Ekonomik koşullar da göz önüne alındığında ham maddede yaşanan pahalılık bu sektörü en çok zorlayan etkiler arasında yer alıyor. Gelen talepler ise bazen bu durumdan dolayı az da olsa karşılanamıyor.

Dekorasyonda çiçeğin yeri ve konumlandırılması nasıl olmalı? Karşılamalı mı yoksa detaylarda mı yer almalı?
Bu kişiden kişiye cevabı değişecek nitelikte bir soru. Her insanın düşünce yapısı farklıdır. Kimi karşılamayı ister kimi de detaylarda gizli olmasını ister. Çiçekler ne kadar görsel şölen yaşatsa dahi bakımı zor olan bitkilerdir. Herkes bu sorumluluğu kolay kolay alamaz. Bundan dolayı genel olarak insanların fikirlerini almayı önemsiyorum. Çiçekleri seven, ilgi duyan biriyse o çiçek onu karşılamalı diyorum. Detaylarında kararı kendisine bırakıyorum, zevkine göre ayarlamalarında yardımcı oluyorum.

İnsanların duygularına bir nevi ortak oluyorsunuz. Bu durumun sizde yarattığı hisler nelerdir?
Her çiçeğin pek çok anlamı bulunuyor, alacak kişinin öncelikle düşünce yapısına göre bir yol çiziyorum, bana farklı bakış açıları katmakla birlikte güzel hisler uyandırıyor elbette. Fakat bazen bu durum çıkmaza sürükleyebiliyor. Kulaktan dolma bilgilerle konuşarak bildiğini ikna ettirme çabasına girenler oluyor. Büyük bir sorun değil tabii ki. Genel olarak iyi hissettirdiğini söyleyebilirim.

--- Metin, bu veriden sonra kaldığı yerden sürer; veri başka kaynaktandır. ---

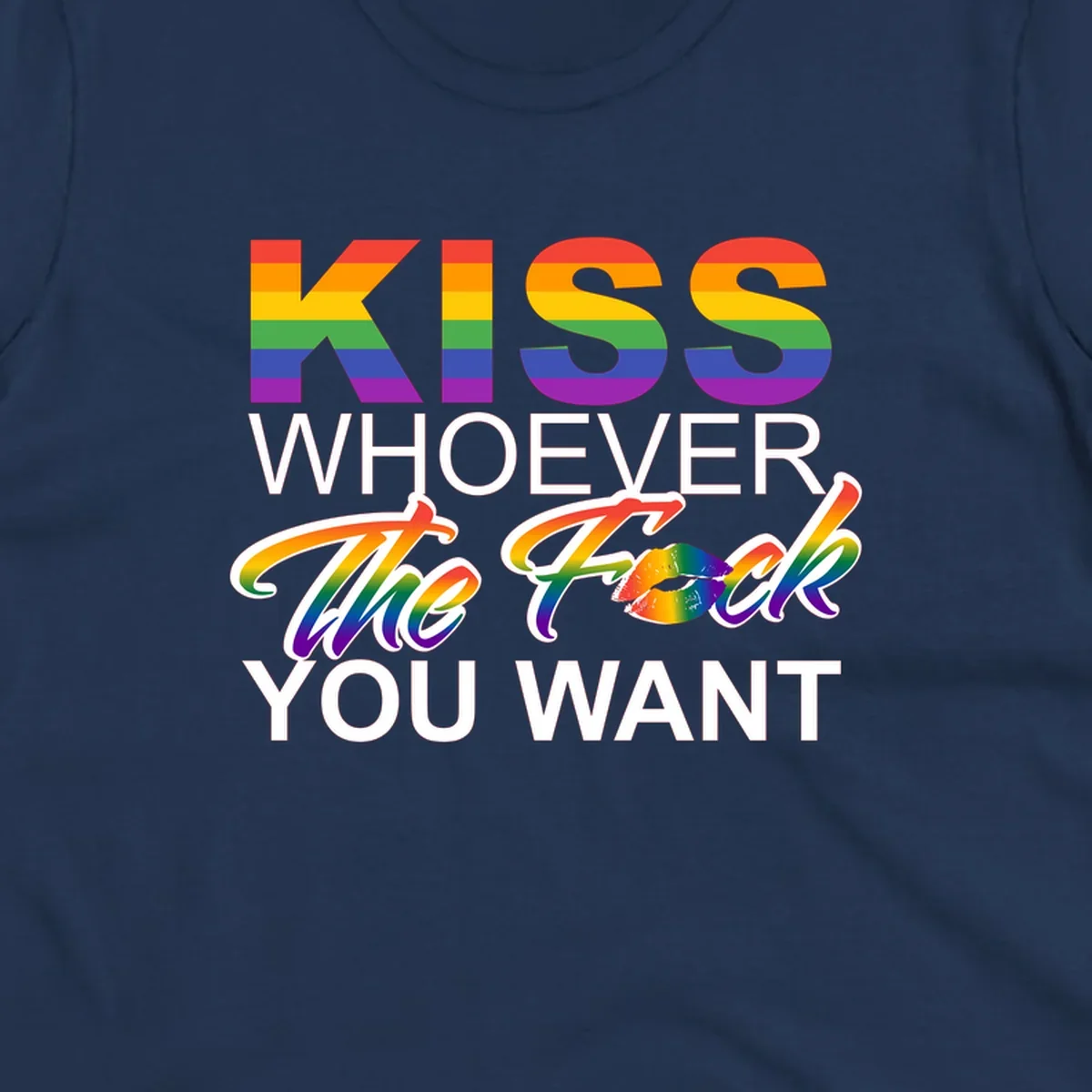 Rainbow pride flag design with kiss-whoever-you-want message, colorful lips graphic, and bold text celebrating LGBTQ love and acceptance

Biliyoruz ki önümüz kış mevsimi. Sizce soğuk havanın renkli güzellerinden bahsedecek olursak, vazgeçilmez diye nitelendireceğimiz çiçekler nelerdir?
Kasımpatı, Kardelen, Şebboy, Sıklamen, Kış Sümbülü gibi birçok çeşit bulunuyor. Örneğin Kasımpatı’nın özelliğinden bahsedecek olursam; toprak sorunu yaratmayan Kasımpatı doğrudan güneş ışığını almadığı zaman daha sağlıklı büyür. Yani güneşli ya da yarı gölge alanlarda bakılması tavsiye edilir. Sık sık su ister ve ona birinin dokunmasından pek haz almaz. Mesela Kardelen çiçeği.. Kara inat çiçek açtığı için ona yılın ilk açan çiçeği denir. Doğrudan güneş almayan ortamlarda gönül rahatlığı ile yetiştirilen, çok fazla su isteği olmayan, nazik ve hassaslığından ötürü dokunulmayı sevmeyen çiçekler arasında yer alır. Son olarak Sıklamen çiçeği ise; serin ortamı sever ve suyu sevdiği dönem çiçek açtığı dönemdir. Çiçeğin yapraklarına suyun değdirilmemesi ve saksının tabağında su bırakılmaması dikkat edilmesi gereken hususlardır.